# Meter can next to driveway?



## backstay (Feb 3, 2011)

Gulftrician said:


> Hello everyone. I am new to this site. I have been reading your posts for some years though. I am wiring a townhome and was wondering if there was anything I missed about putting a meter can next to the driveway. Maybe something about physical damage? I couldn't find anything and the contractor wants me to put it there. It is an underground feed. Thoughts or code references? Thanks.
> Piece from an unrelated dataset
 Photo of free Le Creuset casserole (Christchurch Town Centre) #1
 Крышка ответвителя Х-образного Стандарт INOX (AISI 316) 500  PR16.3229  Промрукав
Welcome to the forum. In the driveway no, next to it no issue. Let common sense be your guide.


----------



## Inspectorclouseau (Oct 28, 2015)

General Code rules require electrical equipment to not be installed in locations where it will be subject to mechanical damage (like vehicles backing in and out of driveways). Check with your utility provider, they often have requirements which prohibit such a location unless a bollard or similar means of providing protection is installed.


----------



## backstay (Feb 3, 2011)

On the lawn is not a driving area, normally. If backing into it was a code issue, we could never put RV peds in. Again, common sense. Sorry for the 90 degree picture. The white at the"bottom" is driveway.


----------



## drsparky (Nov 13, 2008)

backstay said:


> On the lawn is not a driving area, normally. If backing into it was a code issue, we could never put RV peds in. Again, common sense. Sorry for the 90 degree picture. The white at the"bottom" is driveway.




Isn't that low to the ground in snowy Minnesota?:001_huh:


----------



## RePhase277 (Feb 5, 2008)

drsparky said:


> Isn't that low to the ground in snowy Minnesota?:001_huh:


You're still not seeing it right... it's actually mounted to a wall with a realistic mural painted on it. Damn fine brush work:thumbup:


----------